What the task requires
Return exactly the lines from the one containing "a bottle of" through the last line of the records below, both included, and leave out any pictures.

Stored dataset items:
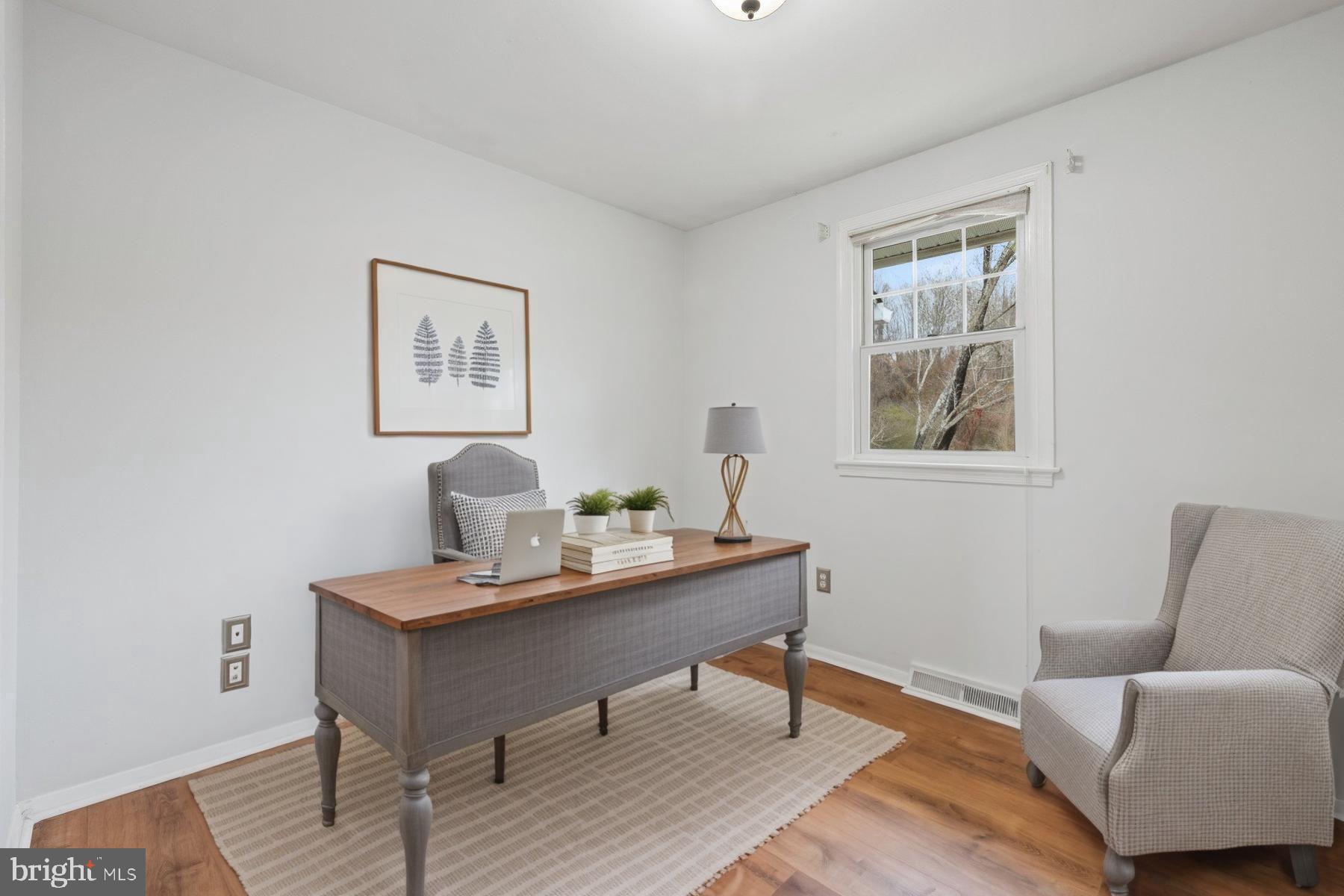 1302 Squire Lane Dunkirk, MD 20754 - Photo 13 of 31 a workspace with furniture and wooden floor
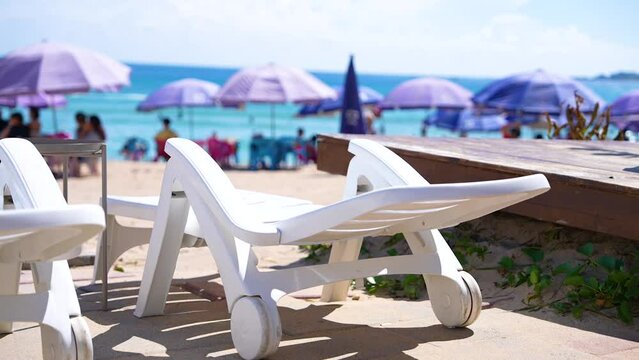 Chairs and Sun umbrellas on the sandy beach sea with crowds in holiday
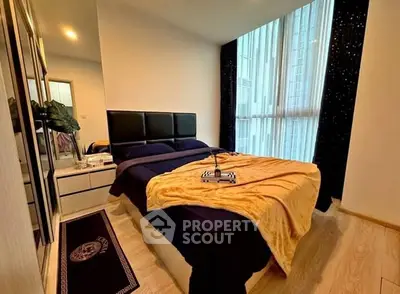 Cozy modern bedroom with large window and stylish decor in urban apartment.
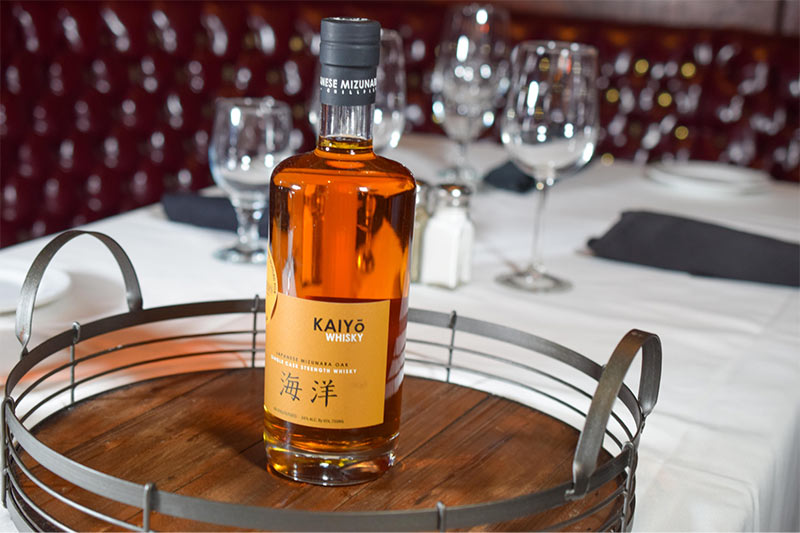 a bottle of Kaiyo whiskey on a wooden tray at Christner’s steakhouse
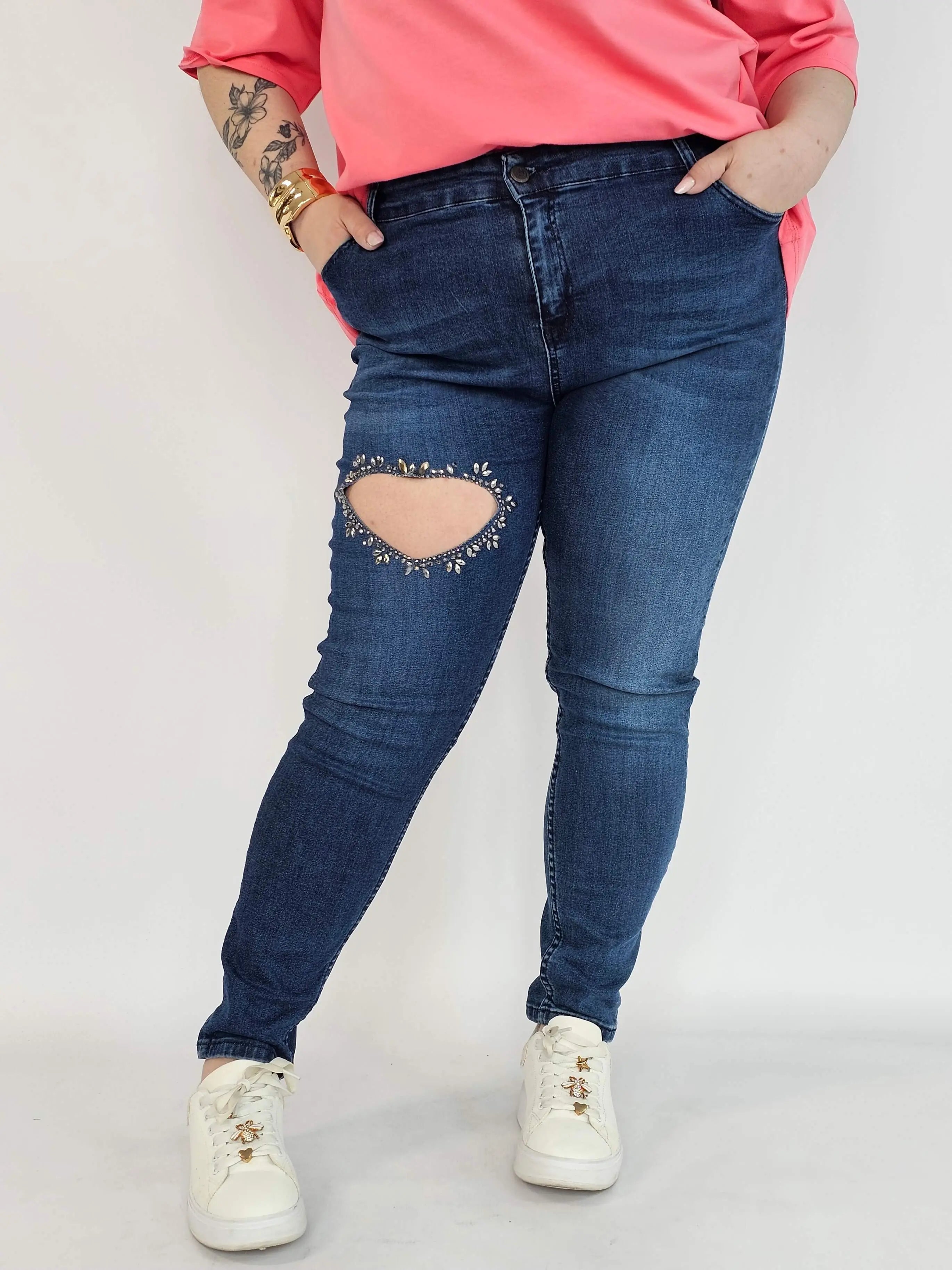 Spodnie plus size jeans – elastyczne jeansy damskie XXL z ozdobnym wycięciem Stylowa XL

Answer below
 a bottle of Kaiyo whiskey on a wooden tray at Christner’s steakhouse
 Spodnie plus size jeans – elastyczne jeansy damskie XXL z ozdobnym wycięciem Stylowa XL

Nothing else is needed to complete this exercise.